**Exercise details**
Please output exactly the lines below, starting at the line that has "Used 2018 Toyota Highlander LE FWD image 21" and ending at the line that has "Building Photo - 10301 Album Ave", both included; leave out all pictures and include nothing else.

**Raw data**
"""
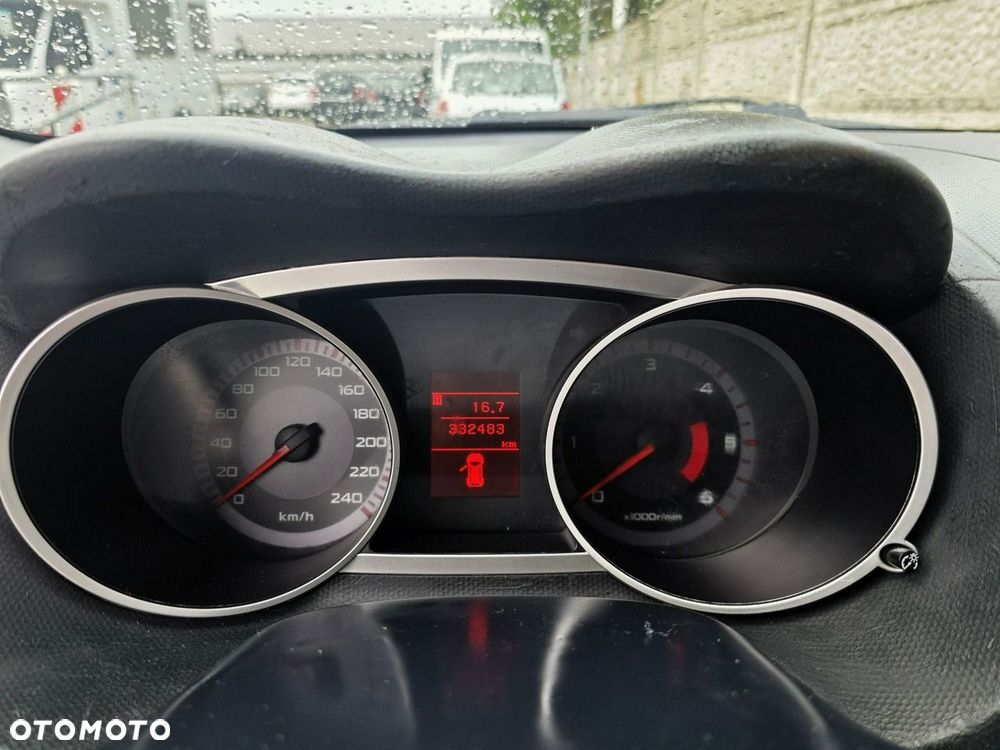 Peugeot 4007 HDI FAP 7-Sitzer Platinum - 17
"""
"""
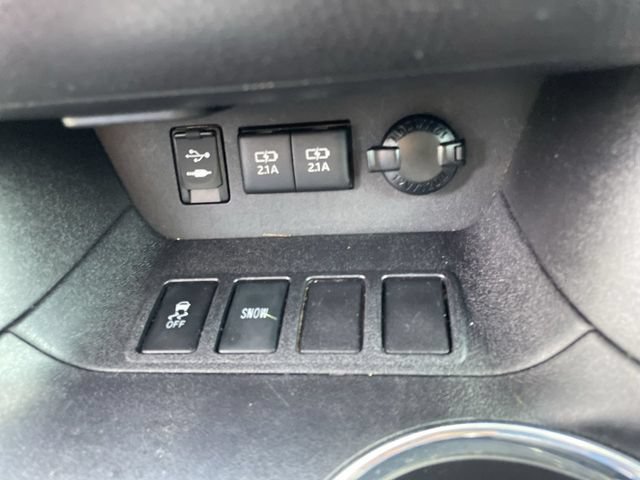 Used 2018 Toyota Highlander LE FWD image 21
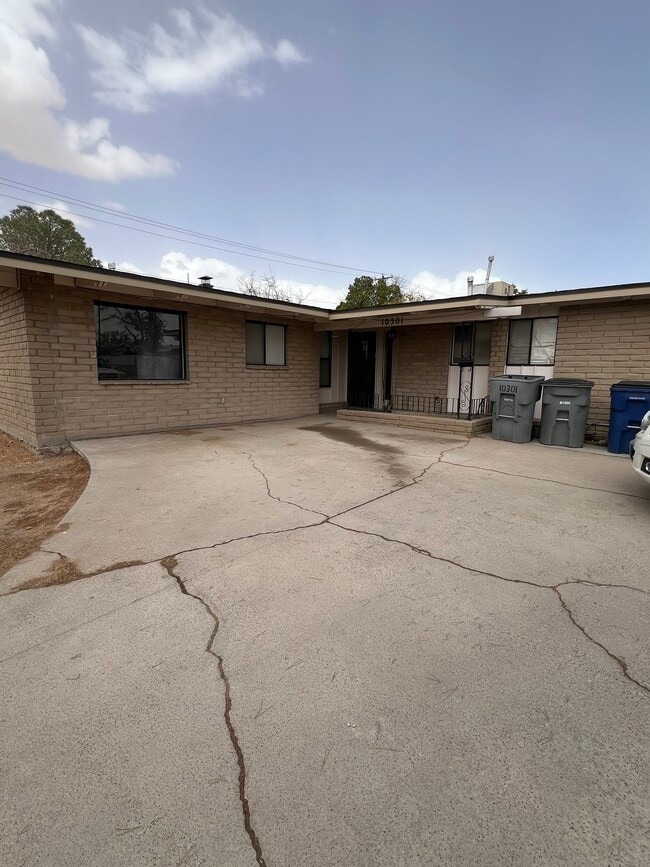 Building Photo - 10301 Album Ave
"""
"""
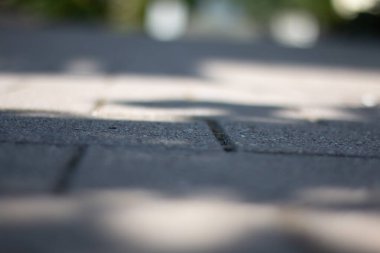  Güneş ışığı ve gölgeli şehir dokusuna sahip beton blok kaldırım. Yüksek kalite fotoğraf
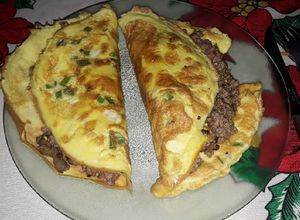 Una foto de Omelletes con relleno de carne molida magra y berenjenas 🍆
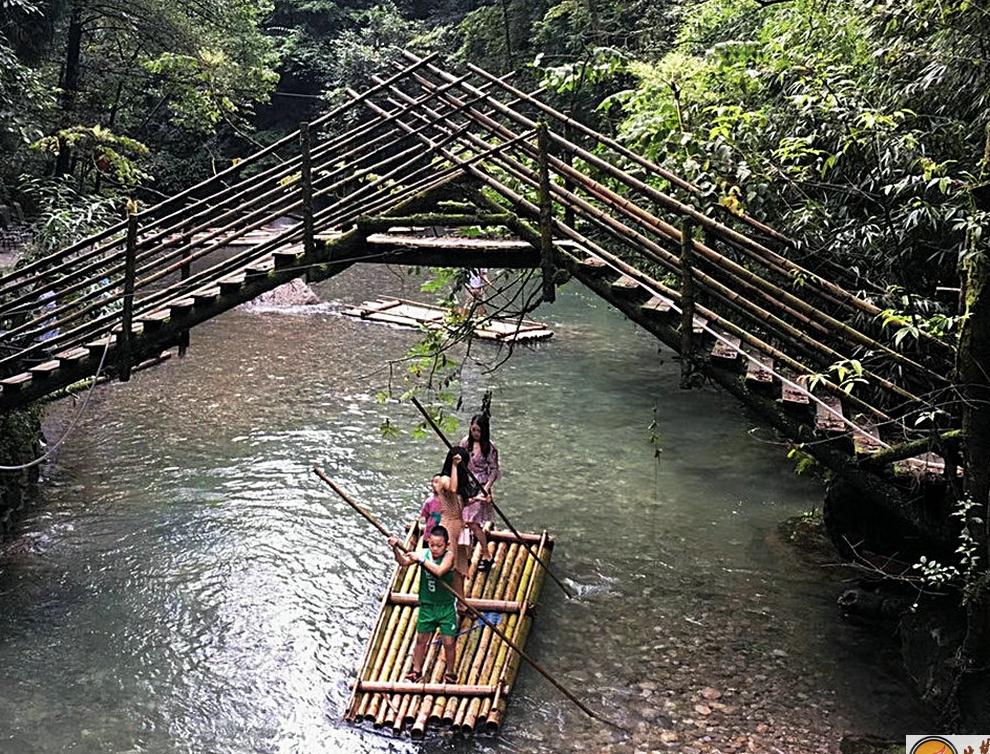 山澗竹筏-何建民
"""
**Expected output**
 Used 2018 Toyota Highlander LE FWD image 21
 Building Photo - 10301 Album Ave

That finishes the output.